Whenever the word "info" turns up in a line below, that line should be copied.

BEGIN INPUT DATA

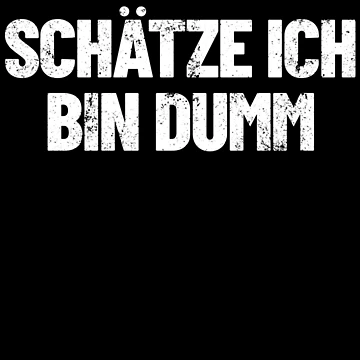 Imagen de la obra Sch�tze Ich Bin Dumm Funny German I Guess I'm Stupid Gear de DynamicDesign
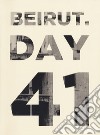 Beirut. Day 41. Ediz. italiana e inglese libro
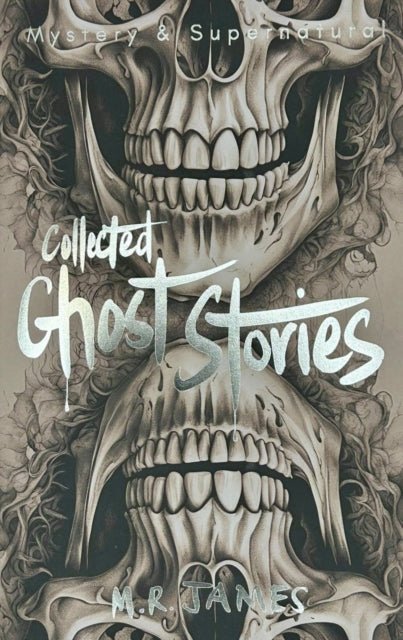 Collected Ghost Stories by M.R. James featuring skulls and supernatural imagery.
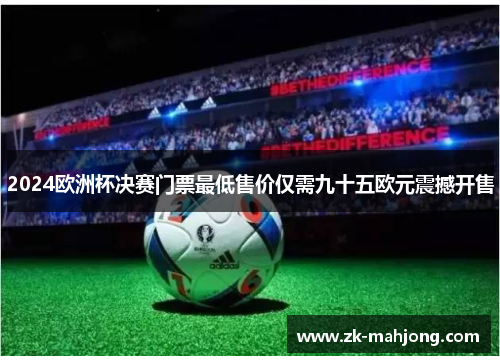 2024欧洲杯决赛门票最低售价仅需九十五欧元震撼开售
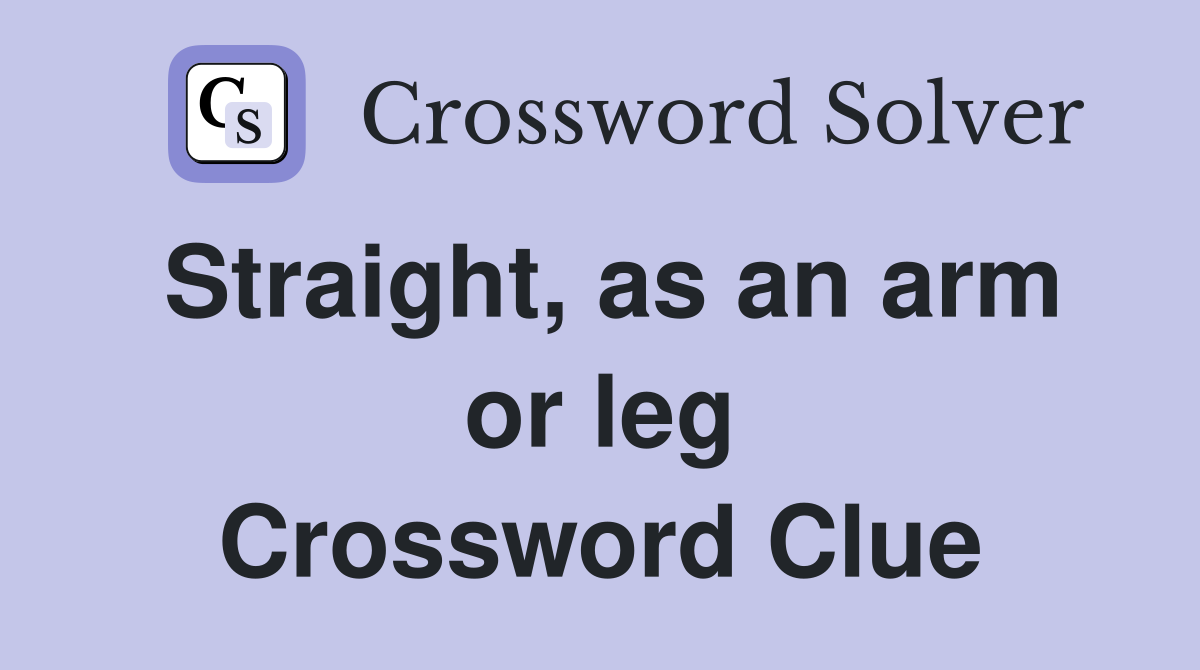 Straight, as an arm or leg Crossword Clue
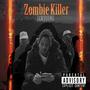 Zombie Killer (Explicit)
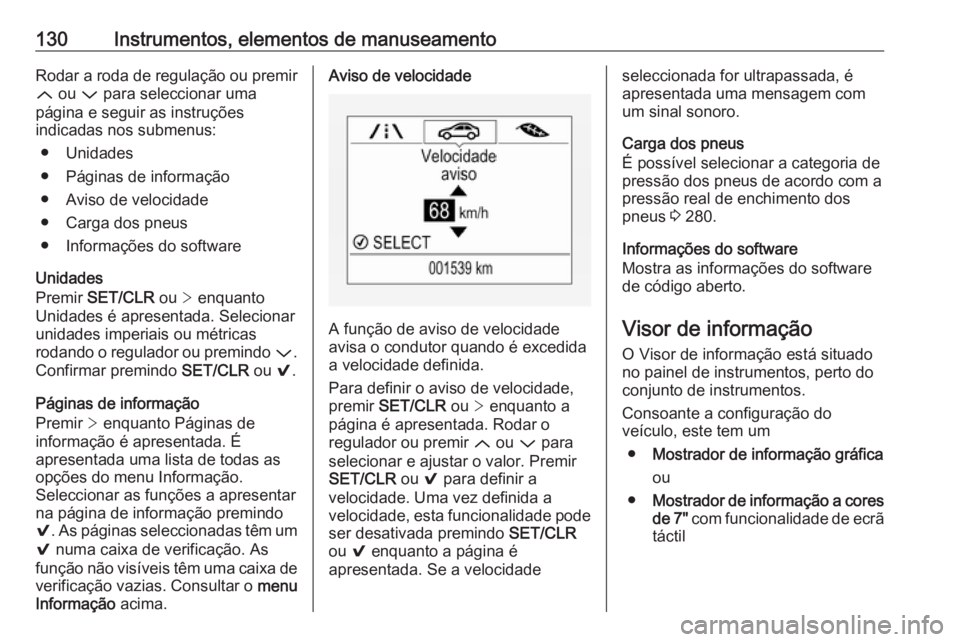 OPEL ASTRA K 2019.5 Manual de Instruções (in Portugues) 130Instrumentos, elementos de manuseamentoRodar a roda de regulação ou premir
Q ou P para seleccionar uma
página e seguir as instruções
indicadas nos submenus:
● Unidades
● Páginas de info OPEL ASTRA K 2019.5 Manual de Instruções (in Portugues) 130Instrumentos, elementos de manuseamentoRodar a roda de regulação ou premir
Q ou P para seleccionar uma
página e seguir as instruções
indicadas nos submenus:
● Unidades
● Páginas de info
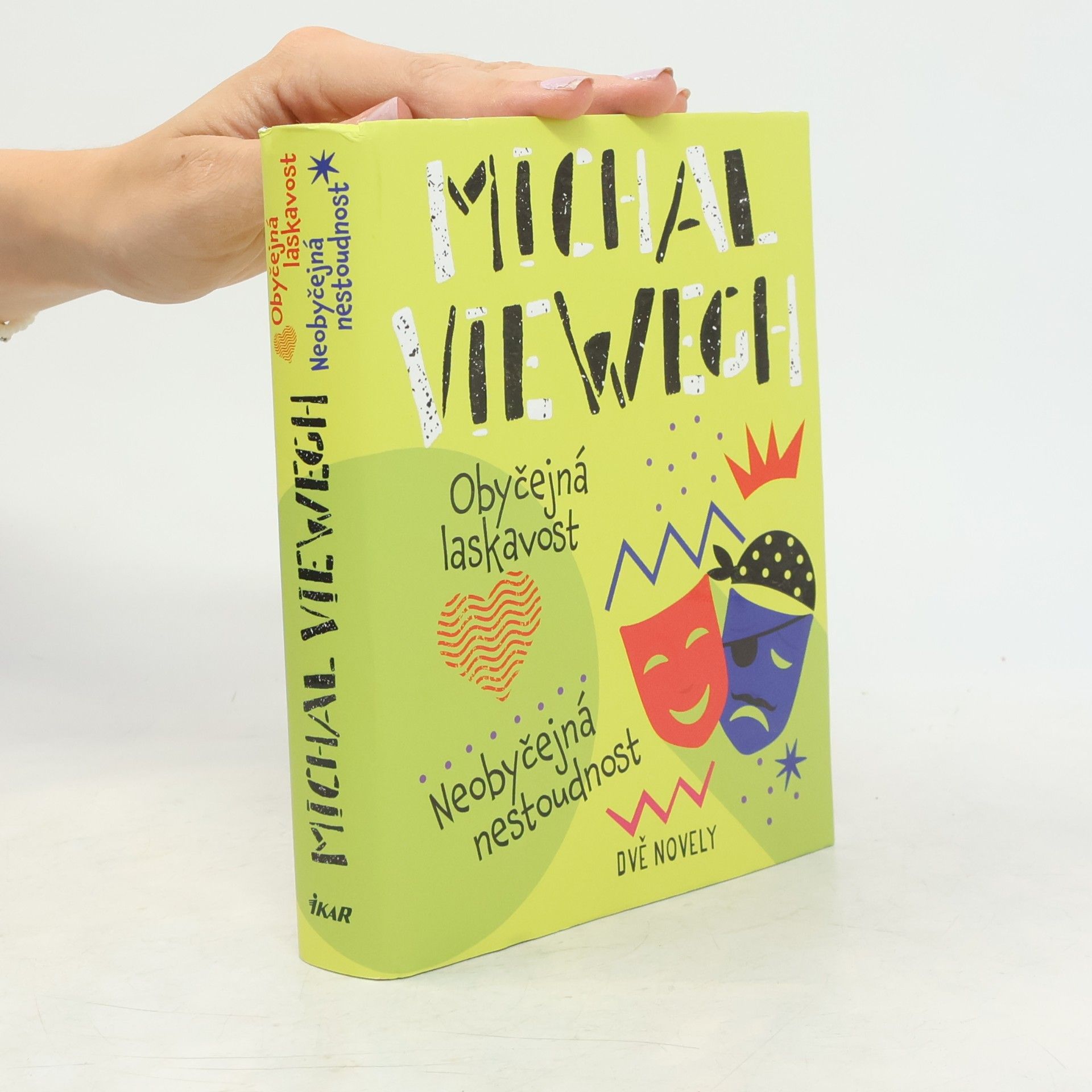 Michal Viewegh Obyčejná laskavost. Neobyčejná nestoudnost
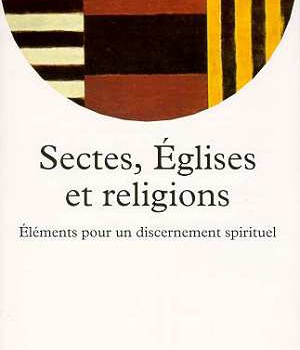 SECTES, EGLISES ET RELIGIONS - ELEMENTS POUR UN DISCERNEMENT SPIRITUEL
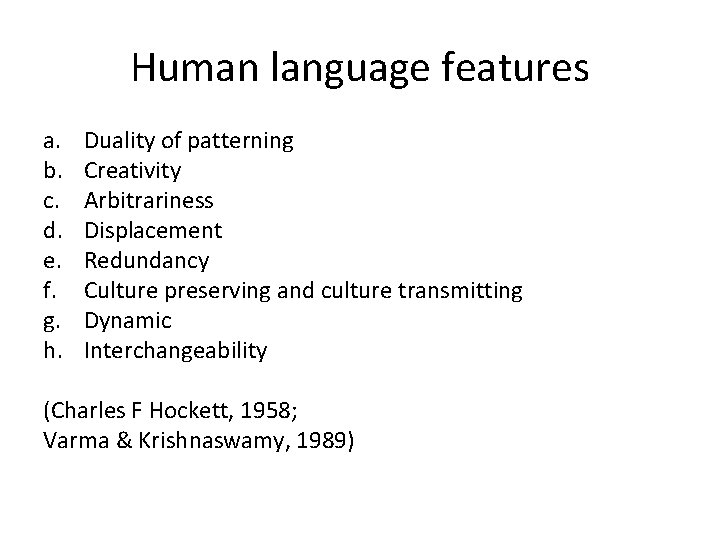 Human language features a. b. c. d. e. f. g. h. Duality of patterning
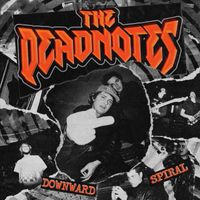 The Deadnotes - Downward Spiral (Explicit)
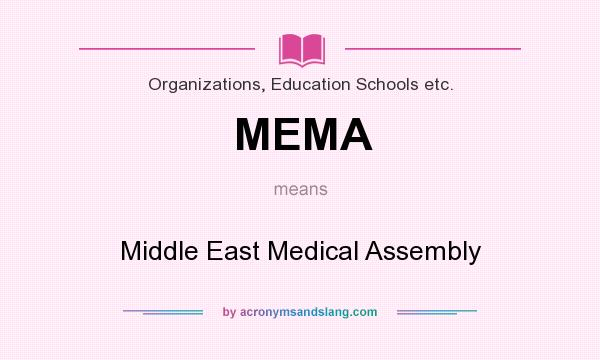 What does MEMA mean? It stands for Middle East Medical Assembly
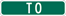 Image of a To Marker (Supplemental Plaque for Bicycle Route) (M4-102P)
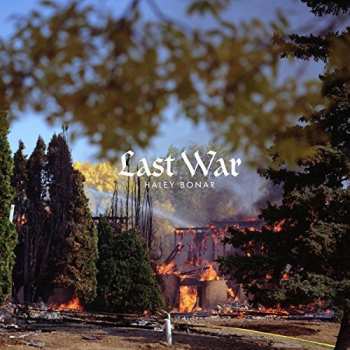LP Haley Bonar: Last War CLR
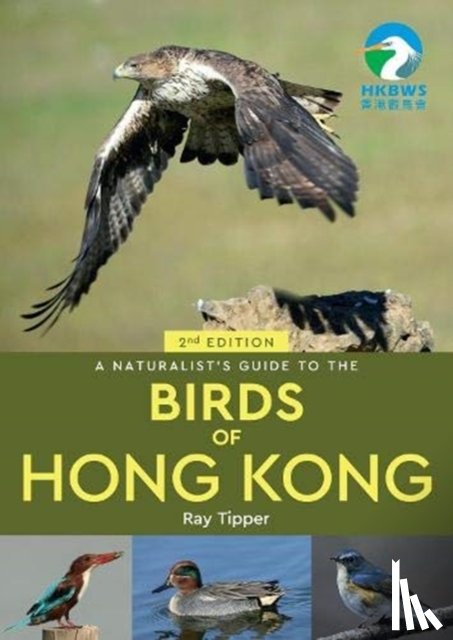 Tipper, Ray - A Naturalist's Guide to the Birds of the Hong Kong (2nd ed)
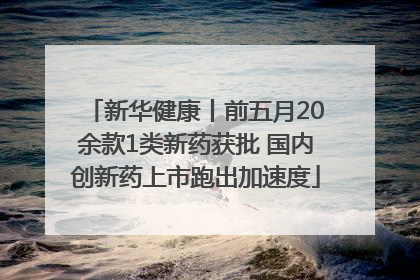 新华健康丨前五月20余款1类新药获批 国内创新药上市跑出加速度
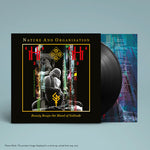 [PRE-ORDER] Nature and Organisation - Beauty Reaps The Blood Of Solitude (Vinyl)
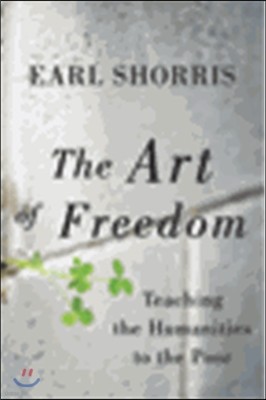 The Art of Freedom: Teaching the Humanities to the Poor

END INPUT DATA

▶ THE ANSWER
● Páginas de info OPEL ASTRA K 2019.5 Manual de Instruções (in Portugues) 130Instrumentos, elementos de manuseamentoRodar a roda de regulação ou premir
● Páginas de info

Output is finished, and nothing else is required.